13 L’approvisionnement local avec du courant provenant des énergies renouvelables est l’objet du projet des „régions à 100% d’énergies renouvelables“. Ce projet soutenu depuis 2007 par le ministère fédéral de l’environnement aide et met en réseau les communes et les régions qui veulent que leur approvisionnement énergétique soit complètement assuré par les énergies renouvelables (voir encadré 2). On distingue les régions à 100% d’énergies renouvelables de celles qui sont considérées comme des régions d’apprentissage. Les premières disposent déjà d’une orientation politique qui prévoit le basculement sur les énergies renouvelables et elles peuvent par ailleurs montrer des activités concrètes dans ce domaine. Les régions d’apprentissage veulent aller dans cette direction et avec un engagement en conséquence elles ont de bonnes chances de devenir une région à 100% d’énergies renouvelables. La figure 5 montre les territoires qui participent au projet auxquels de nouveaux viennent constamment s’ajouter. Cette dynamique, mais aussi la dispersion très large sur l’ensemble du territoire fédéral montrent que la production décentralisée de courant n’est plus un sujet de niche, mais qu’il est repris et réalisé par les acteurs locaux comme un défi.

Figure 5 : carte des régions à 100% d’énergie renouvelable (situation en octobre 2014)

A consulter ici : Agrandir Original (png, 646k)
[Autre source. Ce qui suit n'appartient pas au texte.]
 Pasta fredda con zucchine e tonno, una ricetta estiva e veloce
Encadré 1 : la libéralisation des marchés de l’électricité

14 Le point de départ de la libéralisation des marchés de l‘électricité est la directive européenne de 1996 qui prescrit une séparation des activités de production, de distribution et de transport. L’objectif était de rendre la production et la distribution de courant moins chère et plus efficace en développant la concurrence, alors que les réseaux de transport sont restés régulés en tant que monopoles naturels. Dans le passé, les entreprises énergétiques intégrées verticalement disposaient de leurs propres territoires où elles n’avaient pas de concurrence. La libéralisation a brisé ces monopoles territoriaux. Les entreprises intégrées verticalement ont dû en particulier séparer l’activité de transport de celles des autres fonctions afin d’assurer que d’autres entreprises puissent avoir un accès à la production et à la distribution sans être désavantagées. Les grandes entreprises énergétiques ont dû créer des entreprises séparées pour les réseaux de distribution et dans le cas des réseaux de transport à longue distance elles ont dû en partie les vendre (voir figure 1). Par contre, pour les plus petites entreprises énergétiques, il y a seulement une séparation comptable des activités à l’intérieur d’une même unité juridique. Cela concerne en particulier les entreprises municipales (Stadtwerke) et les fournisseurs locaux dont les territoires d‘activité sont beaucoup plus petits et qui sont alors seulement actifs au niveau de la distribution. Beaucoup d’entreprises de ce groupe sont par ailleurs des entreprises énergétiques intégrées verticalement, à la fois comme gestionnaires de réseau et comme distributeur d’électricité et le plus souvent aussi comme producteur, avec simplement l’obligation d’assurer un accès à leur réseau à d’autres entreprises sans discrimination.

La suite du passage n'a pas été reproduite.